=== WHAT TO DO ===
Only a number is required: how many lines of the material contain the string "corner".

=== EXTRACTED RECORDS ===
──────────

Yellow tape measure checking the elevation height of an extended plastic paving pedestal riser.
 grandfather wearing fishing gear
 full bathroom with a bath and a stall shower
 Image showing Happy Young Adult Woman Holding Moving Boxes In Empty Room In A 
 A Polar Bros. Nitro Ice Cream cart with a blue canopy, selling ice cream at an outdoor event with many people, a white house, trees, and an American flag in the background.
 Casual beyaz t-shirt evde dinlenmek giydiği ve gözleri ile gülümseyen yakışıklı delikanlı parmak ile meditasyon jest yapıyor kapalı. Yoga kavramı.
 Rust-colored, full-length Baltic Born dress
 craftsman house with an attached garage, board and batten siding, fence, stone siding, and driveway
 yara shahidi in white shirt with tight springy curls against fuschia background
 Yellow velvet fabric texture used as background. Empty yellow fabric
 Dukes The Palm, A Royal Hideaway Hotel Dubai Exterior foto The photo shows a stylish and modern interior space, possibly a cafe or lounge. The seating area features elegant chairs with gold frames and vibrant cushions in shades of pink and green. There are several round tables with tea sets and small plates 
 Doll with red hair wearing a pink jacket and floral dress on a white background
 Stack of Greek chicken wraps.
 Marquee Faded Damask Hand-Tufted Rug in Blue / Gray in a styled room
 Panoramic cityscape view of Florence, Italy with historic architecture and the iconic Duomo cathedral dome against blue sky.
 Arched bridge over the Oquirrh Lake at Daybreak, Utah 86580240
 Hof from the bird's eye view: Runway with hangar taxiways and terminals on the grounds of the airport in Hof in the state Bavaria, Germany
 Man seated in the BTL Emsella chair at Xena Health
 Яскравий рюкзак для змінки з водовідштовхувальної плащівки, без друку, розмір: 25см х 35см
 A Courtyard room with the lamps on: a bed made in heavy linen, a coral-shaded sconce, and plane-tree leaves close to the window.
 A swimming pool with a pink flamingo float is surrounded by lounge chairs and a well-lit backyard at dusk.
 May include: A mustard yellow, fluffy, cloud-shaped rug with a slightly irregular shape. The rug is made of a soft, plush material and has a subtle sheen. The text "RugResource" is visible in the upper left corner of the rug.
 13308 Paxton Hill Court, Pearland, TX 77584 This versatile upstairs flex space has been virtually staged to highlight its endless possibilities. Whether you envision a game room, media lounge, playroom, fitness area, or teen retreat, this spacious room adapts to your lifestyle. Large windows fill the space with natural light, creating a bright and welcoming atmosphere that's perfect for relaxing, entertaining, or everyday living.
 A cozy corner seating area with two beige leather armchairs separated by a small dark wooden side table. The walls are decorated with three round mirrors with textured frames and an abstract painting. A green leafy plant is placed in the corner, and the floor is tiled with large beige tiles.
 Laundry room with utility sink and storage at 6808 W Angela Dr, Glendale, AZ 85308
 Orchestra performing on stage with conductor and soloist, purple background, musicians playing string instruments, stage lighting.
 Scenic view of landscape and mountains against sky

──────────

=== ANSWER TO THIS TASK ===
2